═════ Dataset content ═════

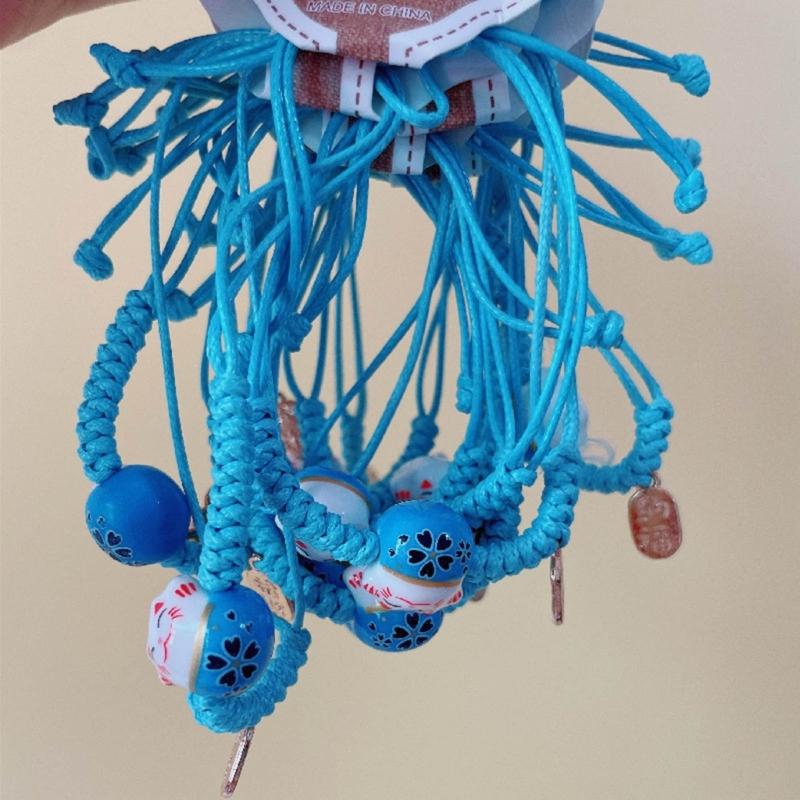 Trendy Ceramic Lucky Cat Bracelet Cartoon Cute Wrist Chain Jewelry Accessory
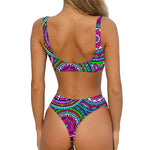 Purple Teal Circle Mandala Print Front Bow Tie Bikini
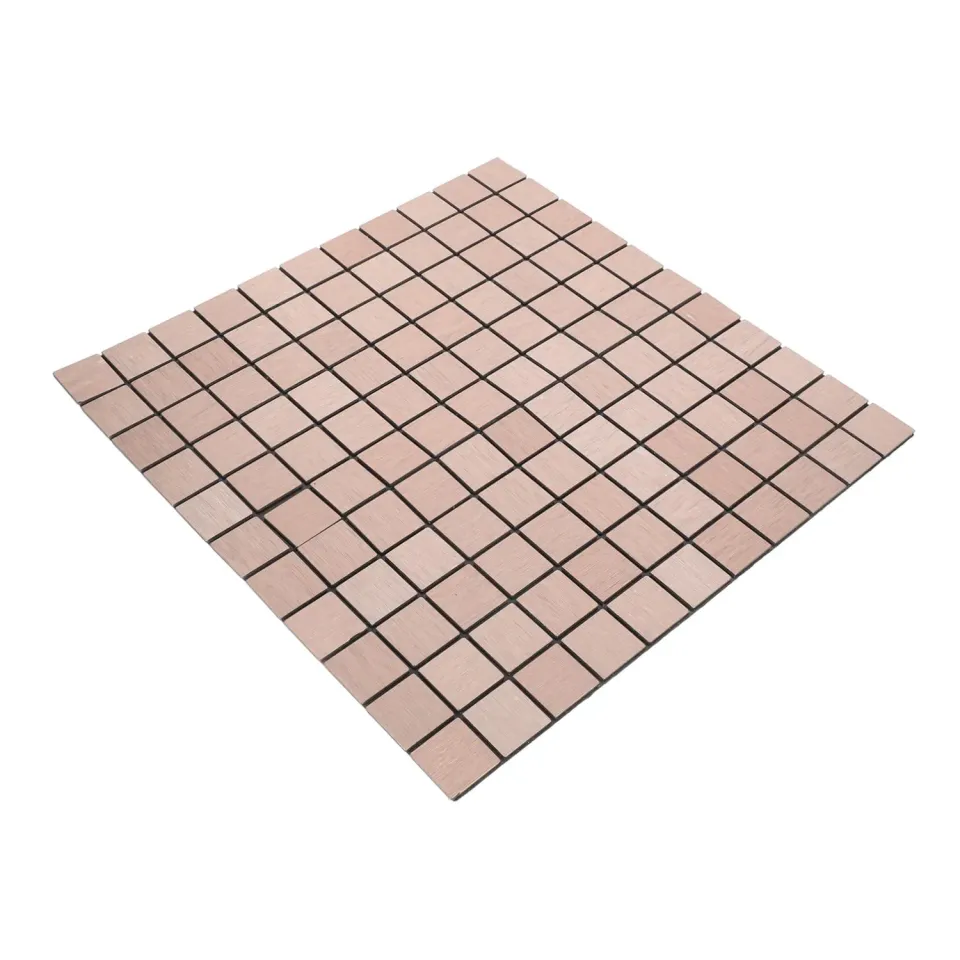 Angoily Piastrelle Adesive Alluminio Cucina Effetto Metallo oro rosa
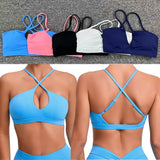 Uniwim Hot Girl Hollow Out Running Sports Bra Fitness Yoga Bra Crop Tank Top Underwear Women Vest Shockproof Shirt Jogging Sportswear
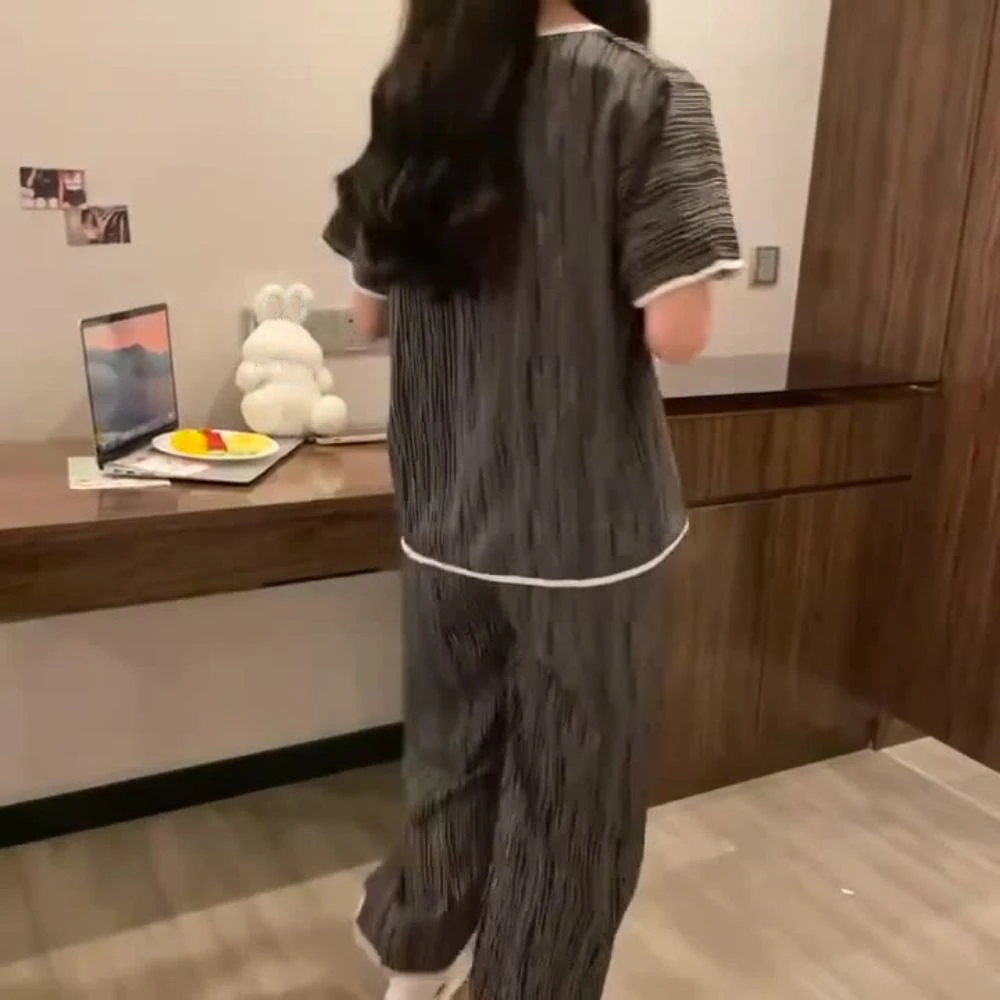 

Милый полосатый пижамный костюм с бантом, ледяной шелк, женский комплект одежды для сна с короткими рукавами, свободный воротник с лацканами, три предмета, ночная рубашка для девочек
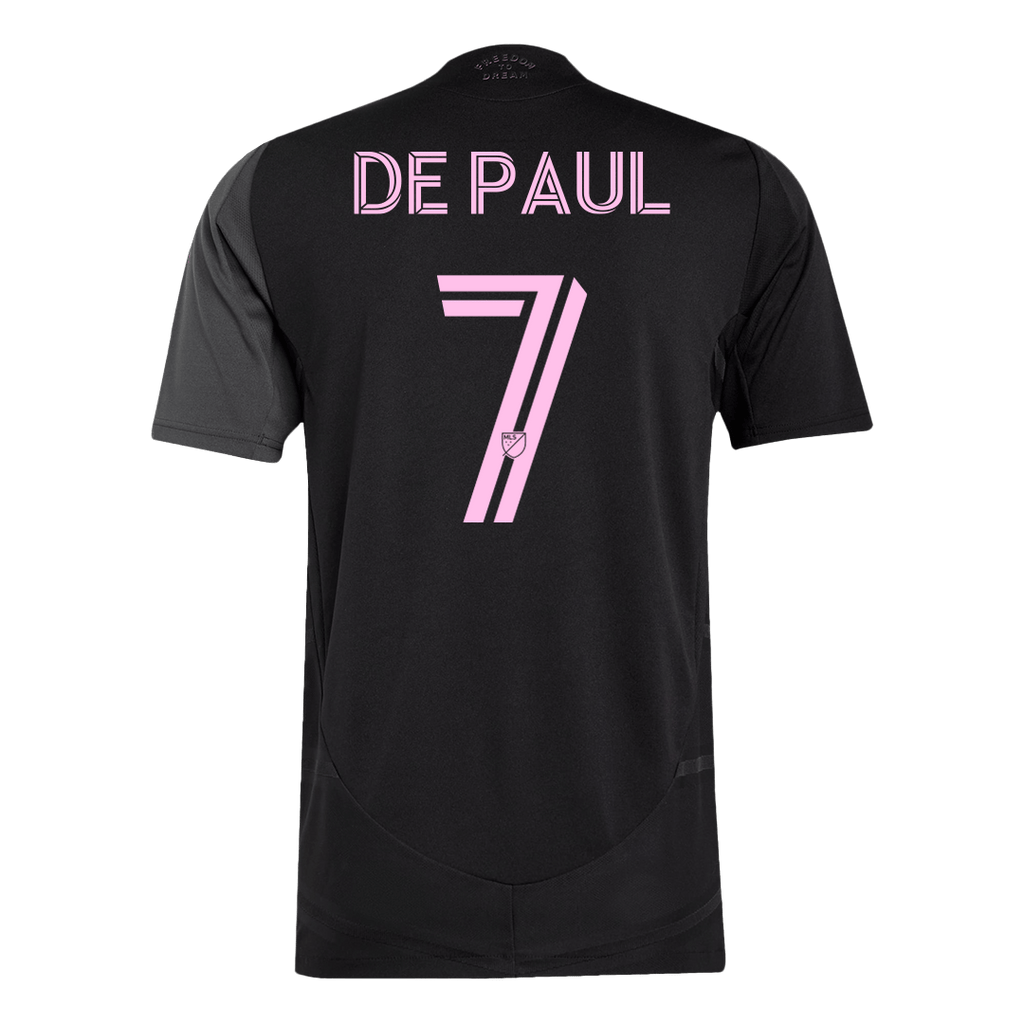 Soccer Kits Authentic DE PAUL #7 Inter Miami CF Away Soccer Jersey 2025 Black&Gray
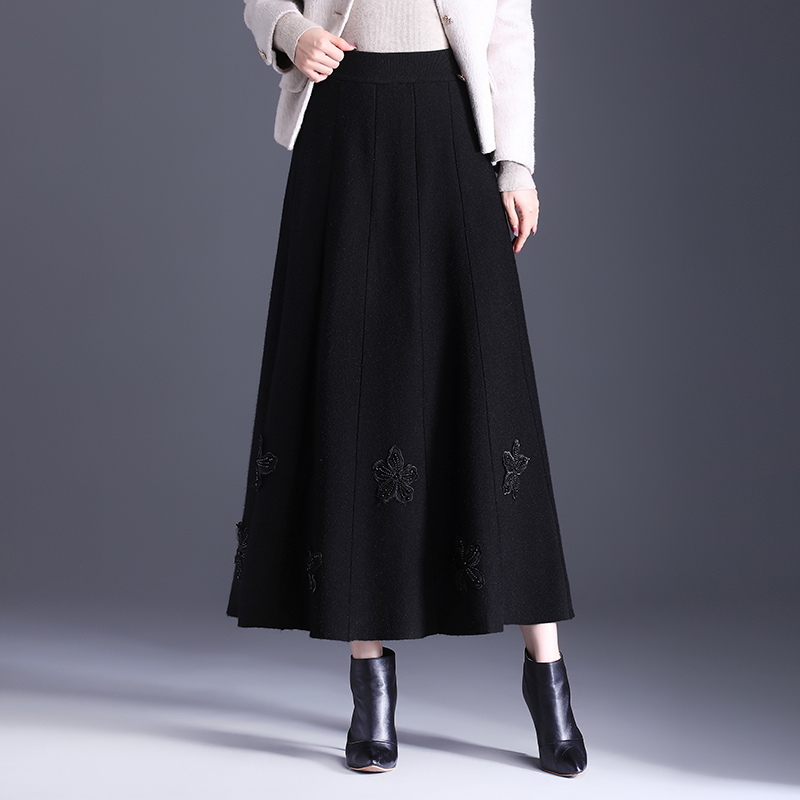 针织半身裙秋冬款妈妈a字大摆裙到脚踝长裙女时尚洋气毛线百褶裙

═════

**What to do**
With the pictures left out, copy exactly the lines from the line holding "Soccer Kits Authentic" through the final line of the records, including both.

**Solved exercise**
 Soccer Kits Authentic DE PAUL #7 Inter Miami CF Away Soccer Jersey 2025 Black&Gray
 针织半身裙秋冬款妈妈a字大摆裙到脚踝长裙女时尚洋气毛线百褶裙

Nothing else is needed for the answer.